Mesmo antes de assumir o cargo, ele foi alvo de denúncias de que seu currículo impecável estava cheio de inverdades. Passagens que ali constavam pelos bancos Citigroup e Goldman Sachs, por exemplo, foram desmentidas pelas próprias instituições, e universidades pelas quais ele disse ter se formado não confirmaram que ele frequentou as aulas. Ele tentou negar as alegações, feitas inicialmente pelo New York Times, mas acabou cedendo.

Conforme os meses foram passando, as denúncias foram se acumulando. Além das mentiras no currículo, suspeitas de que havia desviado dinheiro de campanha para fins próprios ganharam corpo e motivaram alguns dos 23 processos que ele responde na Justiça Federal americana. Santos chegou a ser detido em maio e precisou pagar fiança de US$ 500 mil para responder os processos em liberdade.

A maré de sorte começou a mudar em 16 de novembro. Um relatório da Comissão de Ética da Câmara, liderada pelo republicano Michael Guest, detalhou em números e nomes as práticas indevidas do deputado. Nas 56 páginas, o documento aponta pagamento de US$ 1,4 mil em um spa em Nova York, em julho de 2022, US$ 4,1 mil em compras na loja de luxo Hermès, US$ 1,5 mil em uma aplicação de botox e a assinatura de um site de conteúdo adulto. Pelas regras, o dinheiro arrecadado poderia ser apenas usado para atividades de campanha.
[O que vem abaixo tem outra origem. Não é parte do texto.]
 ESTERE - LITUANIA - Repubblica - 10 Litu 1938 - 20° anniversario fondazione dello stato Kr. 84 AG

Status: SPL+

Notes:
“O deputados [George] Santos buscou explorar, de forma fraudulenta, todos os aspectos de sua candidatura à Câmara para seu próprio benefício financeiro”, diz o documento, que destroçou de uma vez por todas sua imagem junto aos colegas de partido e pavimentou a cassação nesta sexta. No mesmo dia da divulgação do relatório, ele anunciou que não tentaria a reeleição no ano que vem. Não que suas chances de permanecer no cargo fossem boas: em janeiro, 78% dos eleitores do distrito que o elegeu queriam que renunciasse imediatamente.

Como apontou o site Politico, a votação também ficará marcada na história do Legislativo americano. Desde a Guerra Civil (1861-1865), jamais um deputado sem uma condenação criminal definitiva havia sido cassado — antes de Santos, apenas cinco deputados tinham sido expulsos da Casa, três deles por apoiarem os confederados na Guerra Civil e dois por condenações judiciais.
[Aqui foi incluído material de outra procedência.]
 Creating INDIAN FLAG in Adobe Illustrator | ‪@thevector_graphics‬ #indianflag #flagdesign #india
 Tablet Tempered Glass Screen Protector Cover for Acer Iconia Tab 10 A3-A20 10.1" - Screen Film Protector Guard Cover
Pouco antes da cassação, Santos deu uma entrevista à Fox News na qual já antecipava seu destino, e disse que a imprensa exagerou na cobertura de seu caso e até que, se fosse hoje, tentaria fazer as coisas de outra forma.

“Já aceitei o destino. Se for a vontade de Deus me manter aqui, ficarei, e se for sua vontade que eu vá embora, eu irei” disse na entrevista. “De certa forma, acho que trazemos as coisas para nós mesmos. Eu não teria feito certas coisas, teria feito outras de forma diferente? Certamente, sou um adulto e sou maduro o suficiente para aceitar isso”.
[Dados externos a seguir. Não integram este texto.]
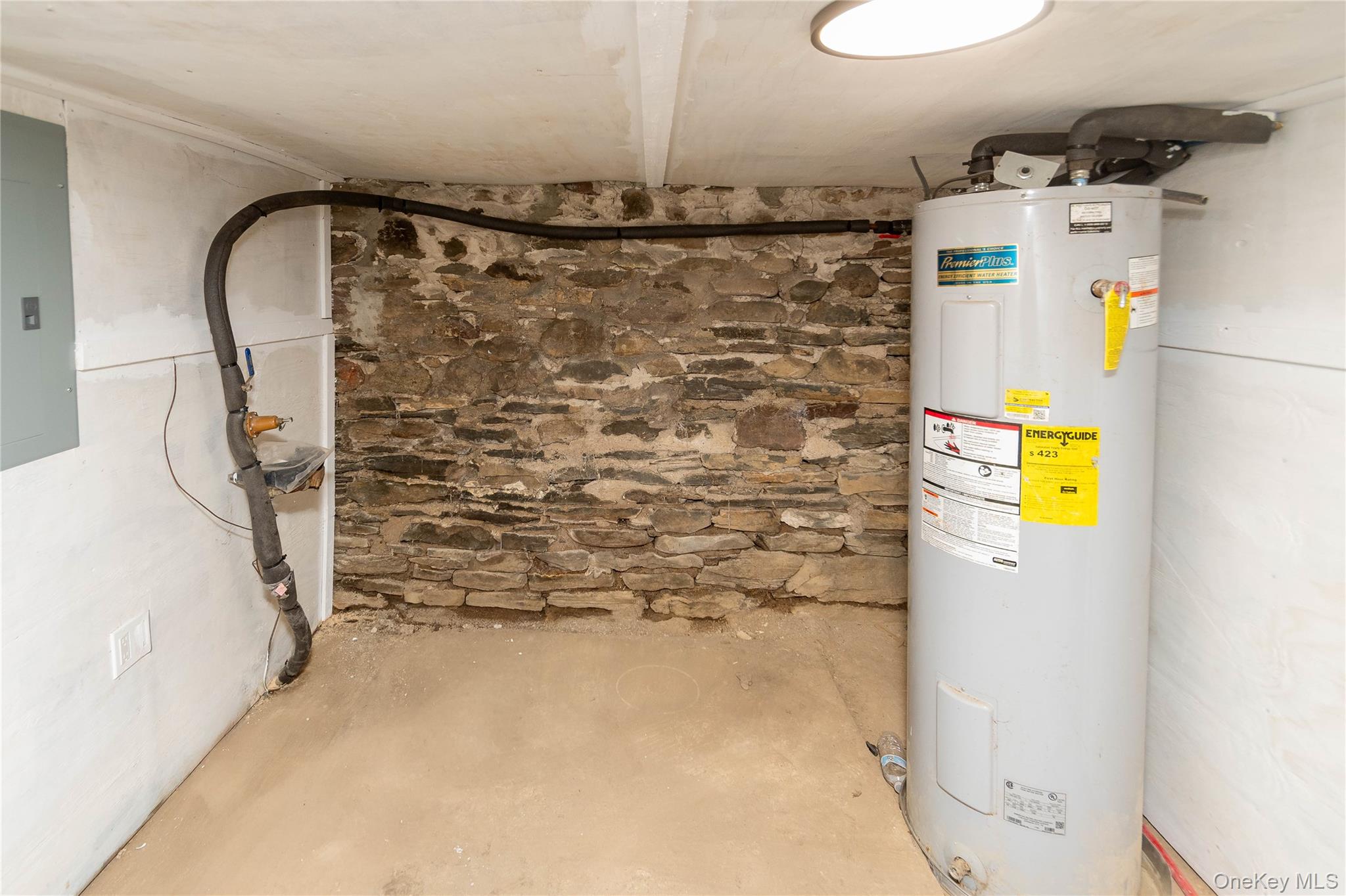 112 State Rte 55 Napanoch, NY 12458 - Photo 35 of 42 Utility room featuring water heater and electric panel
Com o anúncio do resultado, Santos pareceu resignado, mas fez críticas à decisão.

“Acabou. Eles abriram um novo e perigoso precedente para eles mesmos” disse a repórteres, na saída do Congresso. “Como não sou mais um membro do Congresso, não tenho mais que responder a perguntas. Essa é uma coisa que levarei comigo para sempre”.